Transcribe only the lines of the listing below from the one holding "VT license plate AHS286" through the one holding "Dior Black Small", inclusive, without any change.

Source records:
########################################
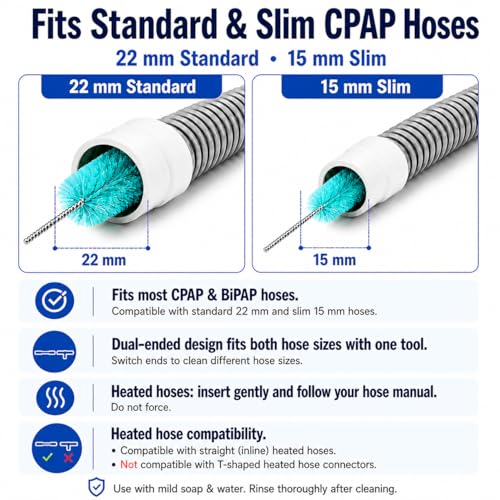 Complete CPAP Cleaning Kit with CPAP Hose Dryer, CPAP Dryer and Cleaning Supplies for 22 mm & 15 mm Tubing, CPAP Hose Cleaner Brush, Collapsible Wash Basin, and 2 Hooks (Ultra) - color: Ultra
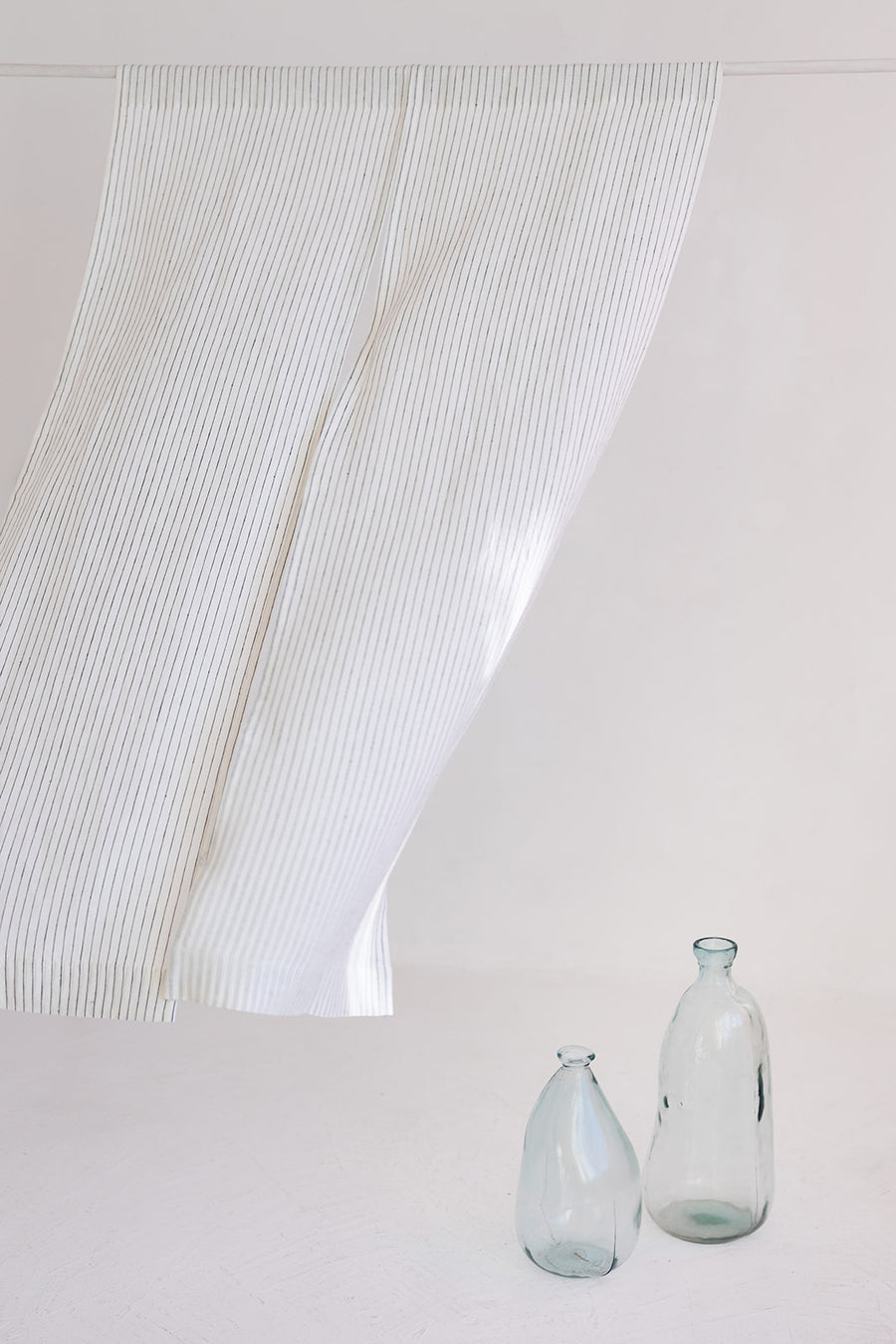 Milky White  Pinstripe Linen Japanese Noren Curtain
########################################
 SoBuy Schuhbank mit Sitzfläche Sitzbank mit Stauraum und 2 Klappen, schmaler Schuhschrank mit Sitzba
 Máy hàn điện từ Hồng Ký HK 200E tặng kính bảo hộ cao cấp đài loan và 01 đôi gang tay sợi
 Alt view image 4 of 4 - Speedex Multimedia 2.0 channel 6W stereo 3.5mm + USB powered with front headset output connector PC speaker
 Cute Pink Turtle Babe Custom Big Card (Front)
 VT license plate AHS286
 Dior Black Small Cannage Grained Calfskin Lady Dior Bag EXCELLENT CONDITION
########################################
Solution for this exercise:
 VT license plate AHS286
 Dior Black Small Cannage Grained Calfskin Lady Dior Bag EXCELLENT CONDITION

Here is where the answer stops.